Today’s post comes from Ben.
When we first had children Kelly and I made an agreement: She’d take care of the poop and I’d take care of the vomit.
Course that doesn’t always work, but when it does it was great. She didn’t like vomit and I didn’t like poop.
Driving to Plainview today I saw this:
If you can’t tell, it’s made with manure. And it’s harder than you think to make that. (The face, not the manure).
I think he had to make the mouth and eyes first and then go around the outside making the circle. Otherwise there’d be tracks back out.
So is this art? Yeah, I think so.
And it got me thinking about my dealings with manure.
Any time you work with large animals you are going to be splattered, smacked and smeared with poop at some point in time.
I’ve been hit in with face with poopy tails. I’ve had my hands in it to fix things.
In the winter with the cows in the barn most of the day, we had to clean the gutters every morning. Dad did it by hand using a wheelbarrow and running up a 2” x 12” ramp to dump it in the manure spreader. If it was raining, It was slippery and you had to be more careful. I wasn’t always.
I was just getting old enough to handle the wheelbarrow when he put a barn cleaner in. So now It was easy. As long as it worked.
In the winter we always checked to be sure the chain wasn’t frozen down before starting it up. Because fixing a broken link involved forking out a lot of manure to get the chain back together. And hopefully I HAD the replacement link.
Being cold, it was a good idea to check the apron of the manure spreader before
you loaded it up with manure. Because fixing that was a hassle too.
One of our family stories is the year my dad had bunions cut off both feet. He had this done in the middle of winter figuring it was the best time to do it. Yeah, for HIM. Not for us doing chores. We had arranged for a guy to do the milking and chores while Dad was recuperating in the wheel chair.
The guy didn’t last long however and his last day was a cold dark day and he broke the manure spreader apron chain with the spreader still half full and he simply parked the spreader back in the shed and went home.

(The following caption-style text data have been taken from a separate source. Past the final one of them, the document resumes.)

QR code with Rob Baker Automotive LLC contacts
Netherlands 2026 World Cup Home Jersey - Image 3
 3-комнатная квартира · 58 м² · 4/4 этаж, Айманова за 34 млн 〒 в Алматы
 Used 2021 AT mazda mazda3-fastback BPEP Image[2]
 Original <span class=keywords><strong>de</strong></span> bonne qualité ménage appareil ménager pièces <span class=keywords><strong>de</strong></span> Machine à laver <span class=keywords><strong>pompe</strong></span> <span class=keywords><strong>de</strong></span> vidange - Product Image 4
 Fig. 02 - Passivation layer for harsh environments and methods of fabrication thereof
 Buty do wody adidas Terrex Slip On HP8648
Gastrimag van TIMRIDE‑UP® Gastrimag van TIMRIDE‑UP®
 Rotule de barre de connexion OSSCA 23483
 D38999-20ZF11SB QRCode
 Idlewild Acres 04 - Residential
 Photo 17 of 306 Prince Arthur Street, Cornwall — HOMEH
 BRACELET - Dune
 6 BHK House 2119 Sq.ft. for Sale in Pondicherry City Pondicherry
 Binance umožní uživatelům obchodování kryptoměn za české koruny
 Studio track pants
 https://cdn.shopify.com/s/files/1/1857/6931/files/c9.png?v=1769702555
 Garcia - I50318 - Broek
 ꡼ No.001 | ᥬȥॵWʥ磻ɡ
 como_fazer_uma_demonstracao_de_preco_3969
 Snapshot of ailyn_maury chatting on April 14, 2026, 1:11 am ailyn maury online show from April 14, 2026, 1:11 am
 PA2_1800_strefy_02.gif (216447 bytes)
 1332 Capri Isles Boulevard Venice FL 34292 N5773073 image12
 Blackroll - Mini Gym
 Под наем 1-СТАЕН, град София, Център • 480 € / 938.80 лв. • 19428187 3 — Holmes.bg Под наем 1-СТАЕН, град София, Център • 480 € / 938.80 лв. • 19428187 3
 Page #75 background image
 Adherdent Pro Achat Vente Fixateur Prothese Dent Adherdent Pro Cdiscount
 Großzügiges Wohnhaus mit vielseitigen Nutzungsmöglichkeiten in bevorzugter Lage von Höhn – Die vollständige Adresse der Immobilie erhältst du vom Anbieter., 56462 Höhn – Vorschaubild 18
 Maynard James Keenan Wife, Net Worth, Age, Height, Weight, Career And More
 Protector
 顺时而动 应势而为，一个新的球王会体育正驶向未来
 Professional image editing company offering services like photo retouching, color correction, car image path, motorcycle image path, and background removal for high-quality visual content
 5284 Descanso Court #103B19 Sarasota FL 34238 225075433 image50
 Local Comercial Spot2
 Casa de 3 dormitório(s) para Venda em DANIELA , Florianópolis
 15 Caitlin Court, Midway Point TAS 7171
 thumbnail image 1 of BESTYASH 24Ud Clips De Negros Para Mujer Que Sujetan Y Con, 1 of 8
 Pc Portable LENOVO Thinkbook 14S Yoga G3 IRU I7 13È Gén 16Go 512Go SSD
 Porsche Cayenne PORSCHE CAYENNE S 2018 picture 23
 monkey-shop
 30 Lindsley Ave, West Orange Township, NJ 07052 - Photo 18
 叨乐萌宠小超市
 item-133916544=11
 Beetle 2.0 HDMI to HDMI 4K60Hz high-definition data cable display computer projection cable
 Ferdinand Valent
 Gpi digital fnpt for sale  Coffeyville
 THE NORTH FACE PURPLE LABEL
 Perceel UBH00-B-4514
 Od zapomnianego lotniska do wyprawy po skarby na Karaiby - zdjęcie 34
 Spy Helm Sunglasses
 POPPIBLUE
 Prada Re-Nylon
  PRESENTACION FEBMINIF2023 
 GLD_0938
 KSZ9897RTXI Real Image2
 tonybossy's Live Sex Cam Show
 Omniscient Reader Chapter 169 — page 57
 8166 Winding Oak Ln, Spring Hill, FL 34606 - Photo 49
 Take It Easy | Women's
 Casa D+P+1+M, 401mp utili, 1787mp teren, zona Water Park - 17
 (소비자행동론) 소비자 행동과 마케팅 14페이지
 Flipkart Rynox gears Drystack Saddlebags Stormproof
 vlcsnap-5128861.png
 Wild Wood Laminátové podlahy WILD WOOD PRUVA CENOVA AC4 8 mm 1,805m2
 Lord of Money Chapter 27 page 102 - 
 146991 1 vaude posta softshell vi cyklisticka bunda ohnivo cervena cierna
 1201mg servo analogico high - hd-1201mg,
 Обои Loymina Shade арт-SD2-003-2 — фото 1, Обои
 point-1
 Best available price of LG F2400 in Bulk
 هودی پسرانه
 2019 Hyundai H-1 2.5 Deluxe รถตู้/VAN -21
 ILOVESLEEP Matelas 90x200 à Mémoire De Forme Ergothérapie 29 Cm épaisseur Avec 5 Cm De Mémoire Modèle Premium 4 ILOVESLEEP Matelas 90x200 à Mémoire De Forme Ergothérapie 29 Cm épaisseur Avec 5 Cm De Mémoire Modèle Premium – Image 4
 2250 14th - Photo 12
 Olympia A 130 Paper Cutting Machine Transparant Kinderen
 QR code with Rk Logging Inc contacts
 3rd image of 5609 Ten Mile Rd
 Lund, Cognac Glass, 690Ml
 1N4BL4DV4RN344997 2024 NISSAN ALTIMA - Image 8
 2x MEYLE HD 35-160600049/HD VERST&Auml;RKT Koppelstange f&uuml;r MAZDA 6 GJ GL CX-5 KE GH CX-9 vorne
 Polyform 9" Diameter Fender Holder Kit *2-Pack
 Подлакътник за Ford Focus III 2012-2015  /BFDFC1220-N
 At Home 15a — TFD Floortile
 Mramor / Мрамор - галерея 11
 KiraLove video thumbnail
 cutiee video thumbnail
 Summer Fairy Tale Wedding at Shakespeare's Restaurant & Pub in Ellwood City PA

Mom and I had to fork off the rest of the load and then we lay under the spreader trying to fix the chain while dad yelled instructions to us from the Living room window.
However many weeks into recovery dad was, he was back in the barn the next day with bread bags slipped over the casts on his feet.
Below zero days I had a few simple goals; no broken water pipes, the silo unloaders worked, the tractor started and I got the barn cleaned and the spreader unloaded without issues. If that all worked it was a good day.
As for home and kids and poop and vomit… I don’t remember so much about that. I know there were messy diapers. I know there was vomit. I remember trying to catch it in my hands once or twice…
I myself remember throwing up in 5th grade. Went to the teachers desk and said ‘I don’t feel good; can I go to the nurse?’ and puking into his wastebasket right there. He jumped up, the class recoiled and I recall him saying ‘Go! Just Go!’
Team Vomit or Team Poo. Which side are you on?